Unfortunately, the masses tend to give the corrupt bureaucrats the benefit of the doubt with these wars.

So America is now a more primitive, politically correct and repressive society, thanks to the dumbing-down of generations of people by the government educrats. Grown adults now act like texting-obsessed, subservient TV sitcom characters who bow to the wishes of the most imbecilic, corrupt criminal types in Washington.

The dumbing-down is why we have U.S. senators who think that questioning the legitimacy of the "War on Terror" is "treasonous," or that someone who criticizes the war-buffoons in Washington is an "enemy combatant," or a "terrorist." It's sickening, and truly un-American, in my opinion.

The government schools have maliciously expunged the critical thinking skills necessary to challenge the assertions of government buffoons, which is necessary in maintaining a civilized society.

Why do so many people now have no idea that all human beings have an inherent right to due process and presumption of innocence? (Hmmm. Could that be because of the government-controlled dumbing-down of education in America?

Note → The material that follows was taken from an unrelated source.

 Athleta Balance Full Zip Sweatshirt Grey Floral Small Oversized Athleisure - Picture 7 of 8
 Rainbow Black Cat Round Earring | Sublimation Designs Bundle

I don't know, maybe.)

You see, if a government bureaucrat or military officer wants to accuse an individual of something, the accuser is morally, ethically and legally obligated to provide evidence against the accused.

Otherwise, we might as well let the Rulers and their minions just sweep up totally innocent people with no evidence against them and detain them indefinitely. (Oh, wait a minute, the Bush Administration already did that.) Or let the Rulers just murder people at will. (Hmmm. Obama is already doing that, too. Oh, well.)

Sadly, there are generations of people who are brainwashed into believing that "war is different," and therefore suspending civil liberties should be permitted. Well no, war is not "different," nor "exceptional."

As I wrote here, war is an artificial concept used by collectivists and statists to rationalize the commission of criminal acts of aggression against others and get away with it.

So the people such as the two Bush Presidents who started wars of aggression – they are the aggressors, and thus the criminals, when it comes Iraq twice and Afghanistan.

There is no just rationalization for a war of aggression, period.

And Obama's drones murdering innocent people day after day, it never seems to end, all this stuff, as America descends into Leviathan's totalitarian enslavement.

What those who really value freedom and peace need is not just more radicalism in America, but more rebelliousness, more nullification of government crimes and especially a mass withdrawal of support of the current system of government monopoly that gives some people artificial authority over others.

Of course, the real solutions – as radical as they may be – to society's current national ordeal of "fiscal cliff" and "terrorism" are decentralization and secession, and dissolving the United Soviet State of Amerika entirely.